So much stress in work. I feel miserable only when I allow self-pity and self-righteousness to take over. The more I am, the more I suffer. But even during those dark moments – everything is different. Even when I suffer, I am suspicious of my suffering. I get up before 5AM every day so I can be in work at 6. After over 9 hours in front of the computer, my forearms are tense and hard. I have to put my glasses on so I can recognise letters and numbers in front of me. But my mind is sharp. Spinning. Analysing. Calculating. A few times, shortly before leaving for home, I thought to myself, “My God, how will I be able to come down?”. On my way home I listen to podcasts about Dharma.
I have discovered John Haspel. He runs a web-page and a podcast called Becoming Buddha.
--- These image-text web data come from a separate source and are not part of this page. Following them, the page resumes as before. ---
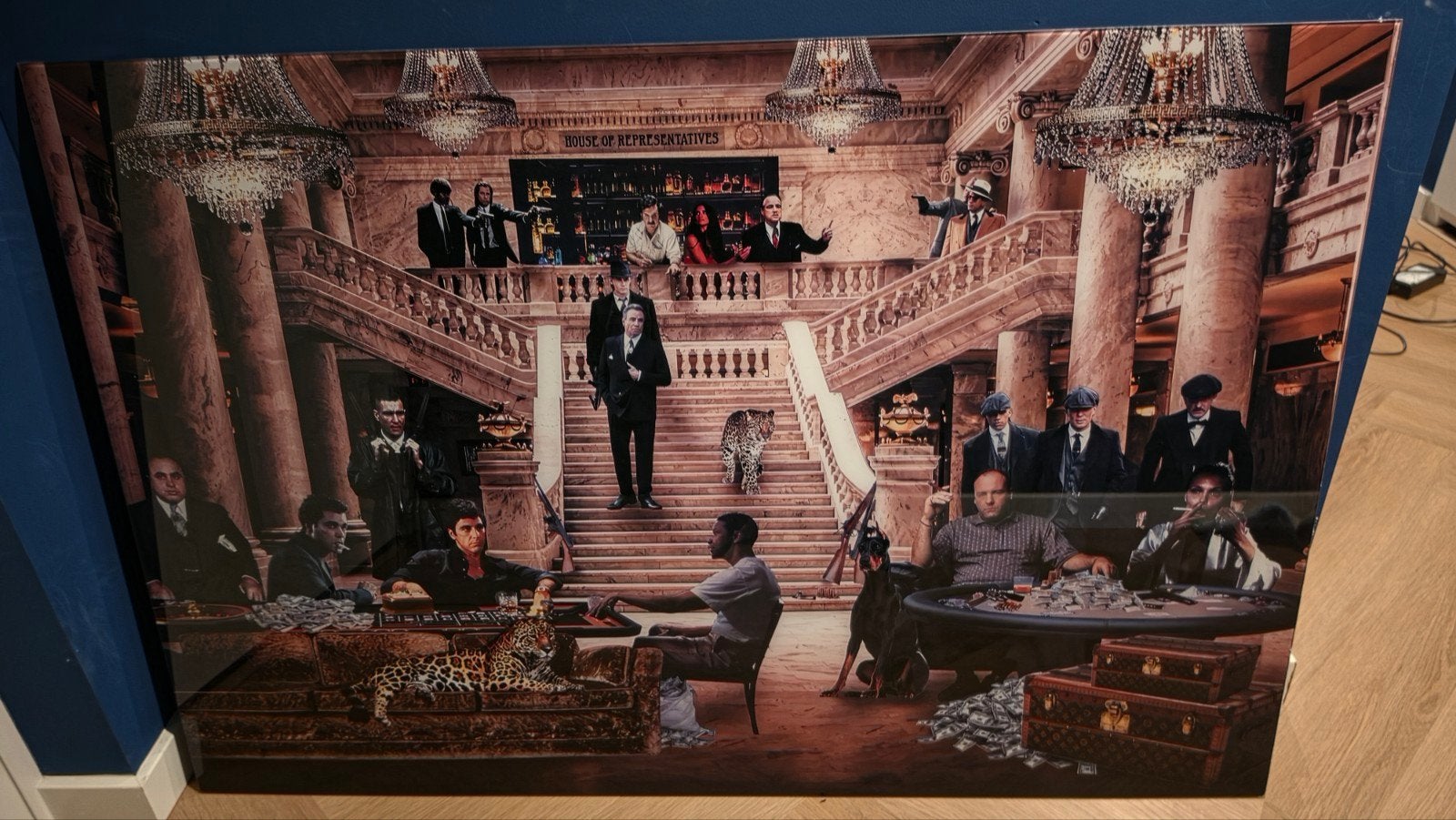 Glas Schilderij Maffia Thema - 80 x 120, Ophalen, Zo goed als nieuw, Schilderij, 100 tot 125 cm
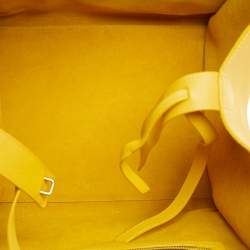 Pre Owned Celine Yellow Leather Medium Phantom Luggage Tote 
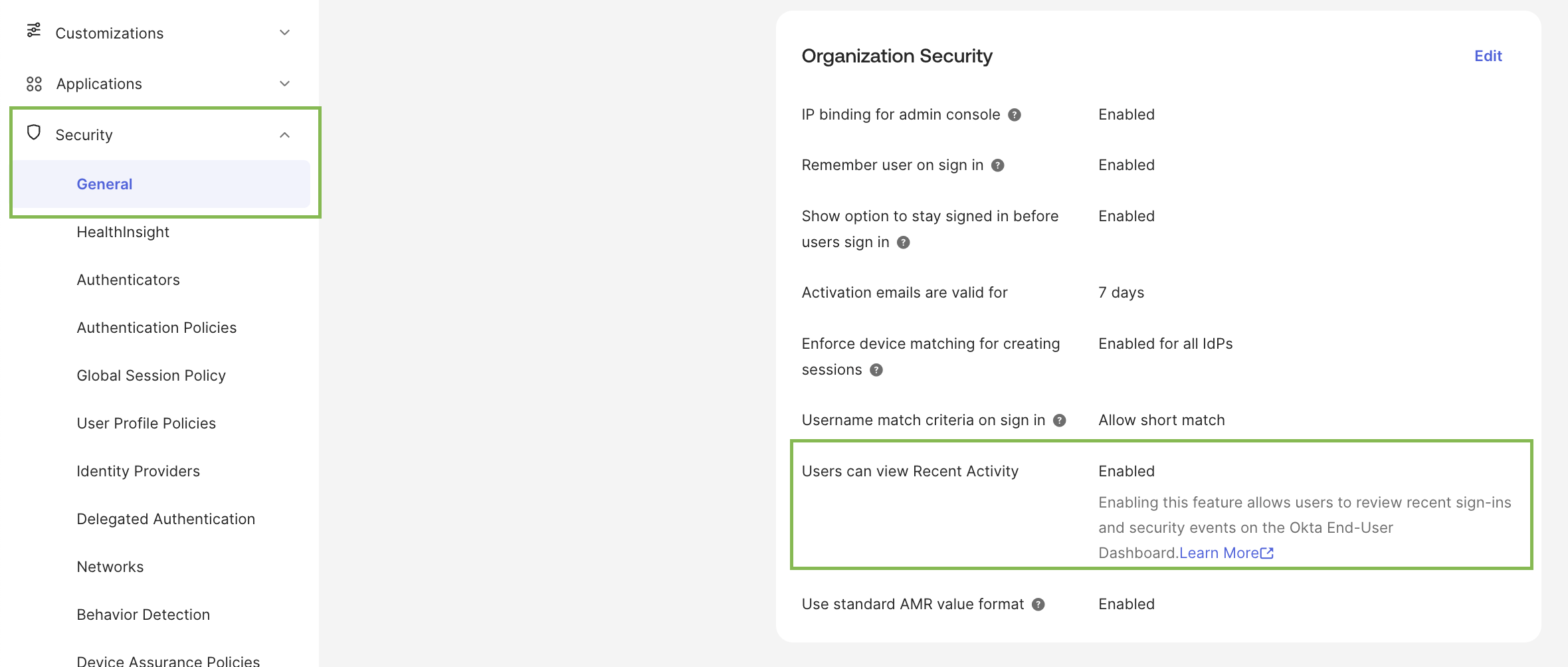 Organization Security section
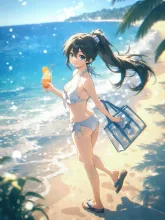 海辺でのデート散歩2 — 海辺イラストのAIイラスト｜SUPPART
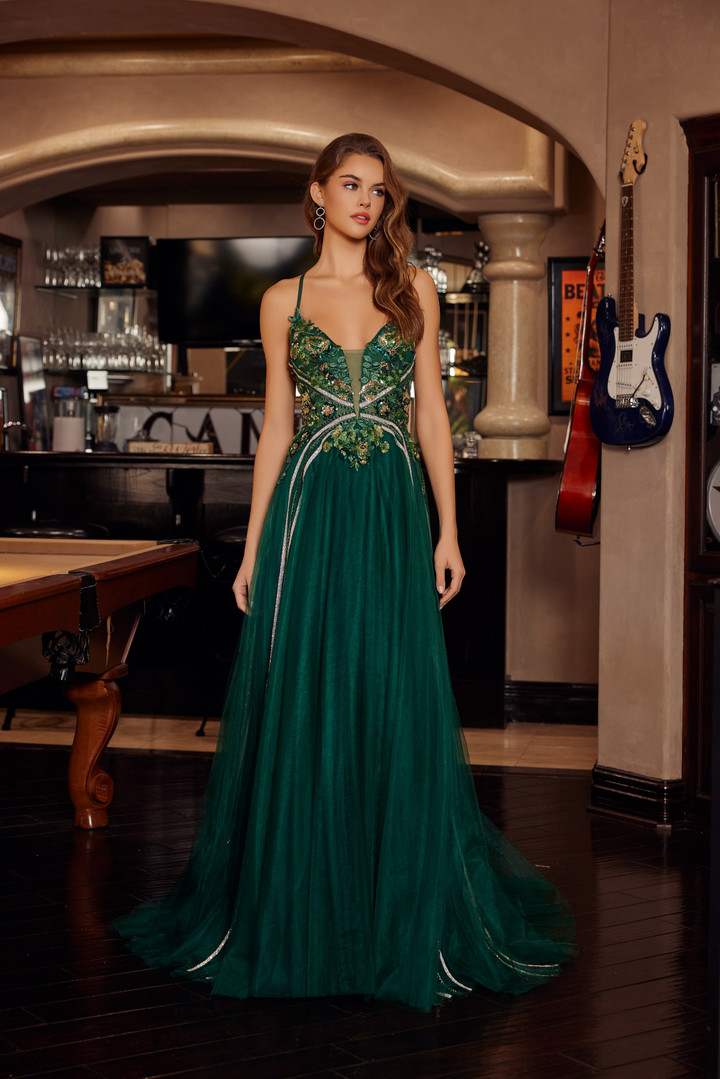 Nox Anabel G1795 Tulle Embroidered Plunging V-neck Gown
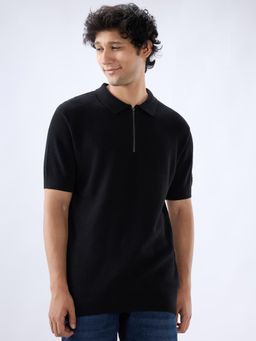Spykar - Men Black Solid Regular Fit Polo T-Shirt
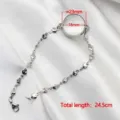 Stainless steel floating locket bracelet featuring silver heart links and glass charm - 23mm Frame with Heart Chain / Silver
He has published a few books. I feel that I am re-discovering Buddhism. Does my Buddhism strengthen my ego, making me more of, or weaken it, making me less of? This is a question I have been asking myself recently.
There are parts of Dharma I have not paid much attention to, dismissed them even: rebirth, karma, dependent origination. I looked at them as unverifiable claims such as the idea of heaven in Christianity. What John Haspel is saying is that those terms are grossly misunderstood. Dependent origination and resulting re-birth describe the creation of deluded self in each instant. Karma is the tendencies of our mind unfolding moment by moment regulated by our current level of mindfulness. (If there is no permanent, fixed self then what is carried to the next life anyway?) Sunyata (emptiness) is a state where self-referential thoughts have ceased. Thanks to John I have also revisited Anapanasati Sutta. My meditation is as if there was no meditation at all.
This helped me to reconcile the following contradiction: why am I able to verify some of the Buddha’s claims through investigation and observation (Four Noble Truth, Marks of Existence) and others I am supposed to take on faith (karma and rebirth)?
(If dependent origination is a creation myth – then it is not very useful to me. If it, however, describes how a self is created moment by moment through ignorance of Four Noble Truths then it bears a powerful message: each moment contains the potential for the change. On a mundane level: in each situation, thanks to mindfulness, I can decide whether I will be a victim or will I be at peace, and what karmic imprint I will create.)
But if Buddha’s teachings are only concerned with this life, this present moment, then what about life after death? But what if Buddha was pointing out to a state where those questions are no longer relevant and valid?
I am re-discovering music of Tori Amos. I used to listen to her a lot, like every-single-day-for-a-few-years-straight a lot. Now when I am 37 years old, those albums I listened to when I was a teenager still give me chills: Boys for Pele, OK Computer, Mellow Gold, Sin/Pecado, Dummy, Murder Ballads, White Pony, Vs, October Rust.
After I finished meditating this morning, I opened my eyes and looked at my hands as if they did not belong to me. I raised them and as soon as I did that the sense of ownership came back. I didn’t feel my hands at all while I was meditating. I didn’t feel my body. I just felt my breath. My irrelevant thoughts shimmering in the background. I meditated in the kitchen. I didn’t bother using the meditation cushion. I sit on a kitchen chair most of the times. I definitely look less professional.
I had a look at Brad Warner’s YouTube video about Noah Levine. A bit of Dharma-beef going on there. I don’t want to be an (air quotes) Buddhist anymore.